While processing Bounty Content applications, I stumbled upon something I haven't seen before. I can't really figure out how it's done, but it turns out there's a difference between "wallet" (11,000 hits on Google) and "wallet" (127,000,000 hits on Google)!
You stumbled across a well-known security issue, which usually affects identifiers such as domain names.
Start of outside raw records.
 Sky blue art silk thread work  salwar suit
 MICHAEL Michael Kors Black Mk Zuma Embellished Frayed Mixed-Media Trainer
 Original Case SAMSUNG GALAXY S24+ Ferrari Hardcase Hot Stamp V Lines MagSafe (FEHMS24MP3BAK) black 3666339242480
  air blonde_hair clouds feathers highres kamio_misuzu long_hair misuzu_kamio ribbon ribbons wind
E.g., paypal.com vs. paypal.comsee, the same difference! Or the notorious
whole-script confusable, appӏe.com (
not the same as apple.com):
$ echo "apple.com" | hd
00000000 61 70 70 6c 65 2e 63 6f 6d 0a |apple.com.|
0000000a
$ echo "appӏe.com" | hd
00000000 d0 b0 d1 80 d1 80 d3 8f d0 b5 2e 63 6f 6d 0a |...........com.|
0000000f
First: how is this done? Is there some software that replaces ascii characters by something that looks like it, but can't be found through copy/paste?
Lookalike letters from different scripts such as Cyrillic and Greek are used in lieu of Latin letters. In this case, U+0430 CYRILLIC LETTER A which UTF-8 encodes to { 0xd0, 0xb0 }:
$ echo "wallet" | hd
00000000 77 d0 b0 6c 6c d0 b5 74 0a |w..ll..t.|
00000009
$ echo "wallet" | hd
00000000 77 61 6c 6c 65 74 0a |wallet.|
00000007
Second: I think "wallet" is just the tip of the iceberg, but it's the only word I've checked so far. When I Google "wallet site:bitcointalk.org -imode", it gives me 66 hits.
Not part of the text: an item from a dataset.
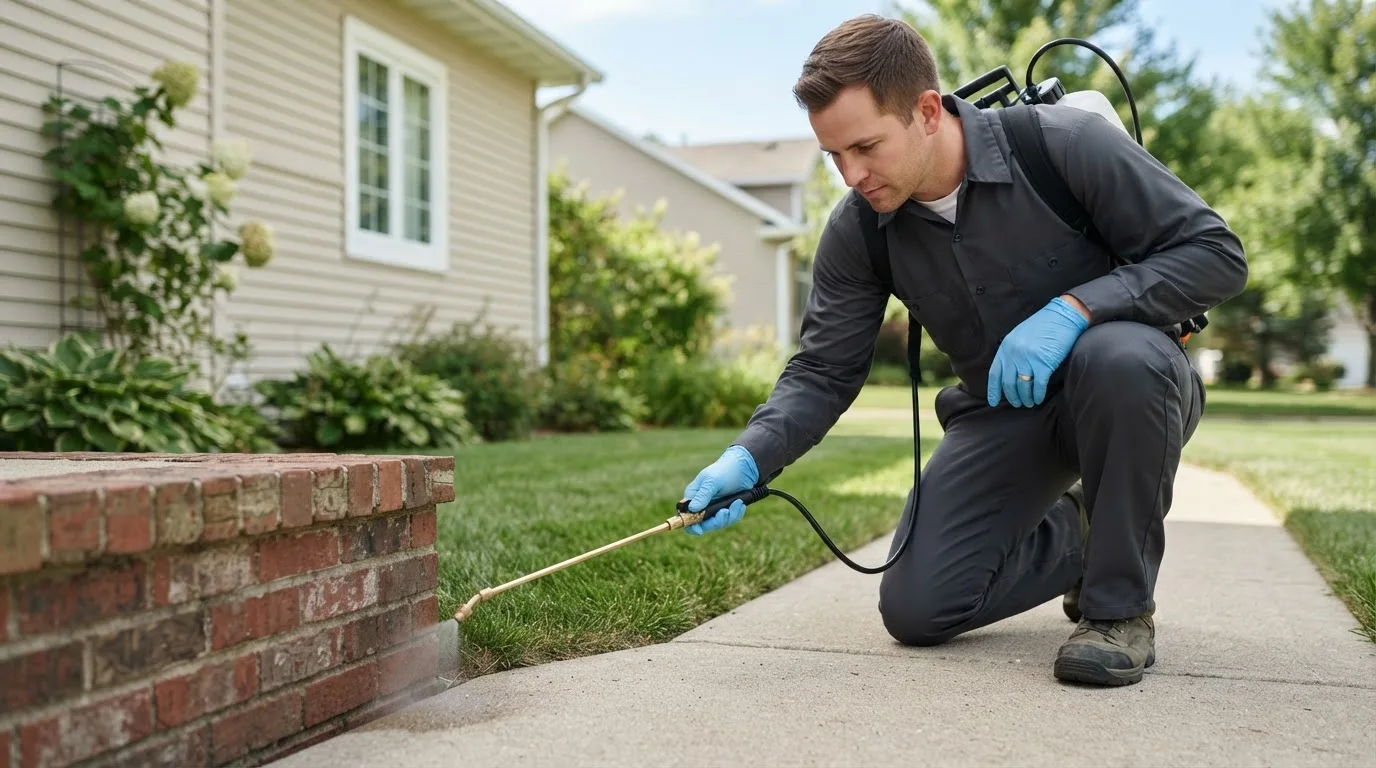 Pest control technician treating a home near West Boothbay Harbor, ME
Tip of the iceberg, indeed.
This exact issue has spawned a plethora of discussion in
Unicode TR 39, Internet RFCs (see especially the RFCs related to IDN, among others), and vendor specificationsnot to mention, mountains of blog arguments.
I will try to gather up some links for further information. A quote from UTR #39 below should give a brief overview of the types of confusables. I will try to answer questions insofar as I reasonably may.
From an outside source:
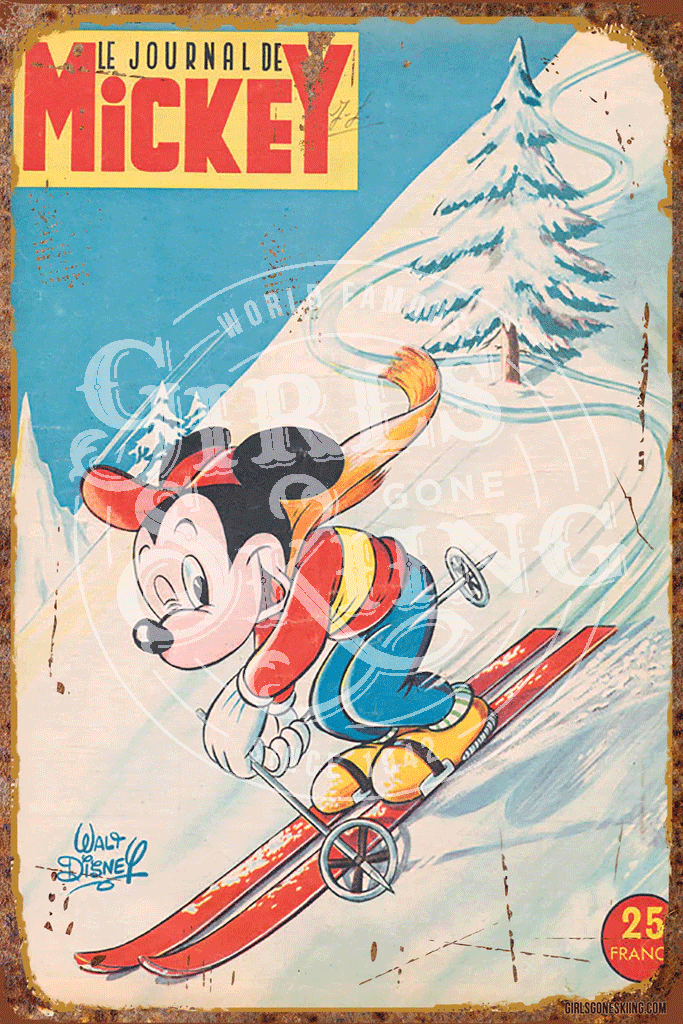 Classic Mickey Mouse Vintage Ski Tin - Girls Gone Skiiing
If this is really a thing,phising sites would only become more complicated to identify in the future.
A quick check for the first domain registrar shows that it won't work.
Registries (not registrars) typically have policies about this. For example,
off the top of my head / if memory serves, in .de you can register domains containing äöü but not any other non-ASCII characters. The purpose of such policies is to prevent this type of attack.
I think this should suffice for an overview:
https://www.unicode.org/reports/tr39/tr39-1.html#Confusable_Detection...there are three main classes of confusable strings:
X and Y are single-script confusables if they are confusable according to the Single-Script table, and each of them is a single script string according to Section 5. Mixed Script Detection. Examples: "so̷s" and "søs" in Latin.
X and Y are mixed-script confusables if they are confusable according to the Mixed-Script table, and they are not single-script confusables. Example: "paypal" in Latin and "paypal" with the 'a' being in Cyrillic.
X and Y are whole-script confusables if they are mixed-script confusables, and each of them is a single script string. Example: "scope" in Latin and "scope" in Cyrillic.